Bir de annemin deneyimlediği bir ritüel var. Annemin söylediğine göre o seneki dileği gerçek olmuş. O da şöyle: geceyarısı kalkılır, su başına gidilir (deniz, göl, dere) balıklara ekmek atılır ve bütün gece hiç konuşmadan yatılıp uyunur.


Bugüne ilişkin sayısız bir dolu arkaik ritüel daha mevcut. Örneğin, bir rivayete göre (ne yazık ki konuyu bir Roman'dan dinleme şansım olmadı). Hıdırellez'de Çingeneler sevgililerini alır su başına gider, suya girer orada sevişirlermiş. O birleşmeden doğacak çocuğun hayırlı bir evlat olacağı düşünülürmüş.

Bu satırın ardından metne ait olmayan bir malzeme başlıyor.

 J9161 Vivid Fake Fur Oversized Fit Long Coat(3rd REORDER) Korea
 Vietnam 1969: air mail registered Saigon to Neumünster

Benim gibi kırsalda yaşayanlar biraz daha şanslı. Çünkü biz sürekli Hıdırlık da adı verilen doğayla bütünleşmiş alanlarda yaşıyoruz. Ama apartman dairesinde yaşıyorsanız evcil hayvanınız ya da bitkiniz varsa onları bugün belki çok daha yakınınızda tutmanızda yarar var. Tabi eğer bu geleneğe inanıyorsanız.

Eskiden ne kadar güzel kutlanırdı İstanbul'da Hıdırellez. Sonraki yıllarda her güzel şey gibi onun da önüne engel konuldu. Meşhur Ahırkapı Hıdırellez Şenlikleri...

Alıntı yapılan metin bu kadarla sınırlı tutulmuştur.